What is expected exactly in terms of reproducibility?
Computo is not just about publishing a notebook and proving that it can be compiled with CI! This part of the process is what we call “Editorial Reproducibility”. “Scientific” or “numerical” reproducibility of the analyses is also mandatory, on top of classical peer-review evaluation.
We don’t ask people reproducing their data… yet! We also don’t ask for “bit-wise computational” reproducibility (i.e. obtaining exactly the same results bit-by-bit) but rather a “statistical” reproducibility, i.e. obtaining results leading to the same conclusion, with potential non-significant statistical variability.
Indeed, the global scientific workflow of a reproducible process for a Computo may be split in two types of steps:
- External
- This part of the process may be conducted outside of the notebook environment, for a list of reasons (non-exclusive to each other):
- the process is too long to be conducted in a notebook
- the data to be processed is too big to be handled directly in the notebook
- it needs a specific environment (e.g. a cluster, with gpus, etc.)
- it needs to involve specific languages (e.g. C, C++, Fortran, etc.) or build tools (e.g. make, cmake, etc.)
It is “Computational reproducibility”, where the reproducibility is achieved by providing the code and the environment to run it, but not the results themselves.
- Editorial
- This is where the notebook presents the results of the external process, and where everything is put together to produce the final document, it is “Direct reproducibility” in the sense that the notebook is the only thing needed to reproduce the results.

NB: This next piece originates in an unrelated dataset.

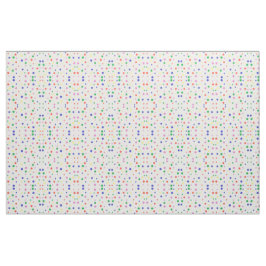 Tela Tejido de patrones geométricos de puntos de polka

Ultimately, the workflow must end with a direct reproducibility step which concludes the whole process.
When applicable, the switch from external to editorial reproducibility is done with a “data transfer” step, where the data produced by the external process is transferred to the notebook environment. It’s required that not only the intermediate results are provided, but also the code to transfer it in the notebook environment. They are a variety of software solutions to do so.
Examples of data transfer solutions
Intermediate results storage
- in python environment: the
joblib.Memory
class which provides a caching mechanism for python functions, and can be used to save the results of a function call to disk, and load it back later. - in R environment: the
.RData
file format, which can be loaded back in R with theload()
function.
Transfer of the results to the notebook environment
- for both aforementioned solutions, the results (
.joblib
directory or.Rdata
file) could be committed to the git repository, and directly loaded in the notebook environment. - Another solution is to centralize input data (when large enough) and intermediate results on a shared scientific provider (we recommend Zenodo for this purpose), and download them in the notebook environment.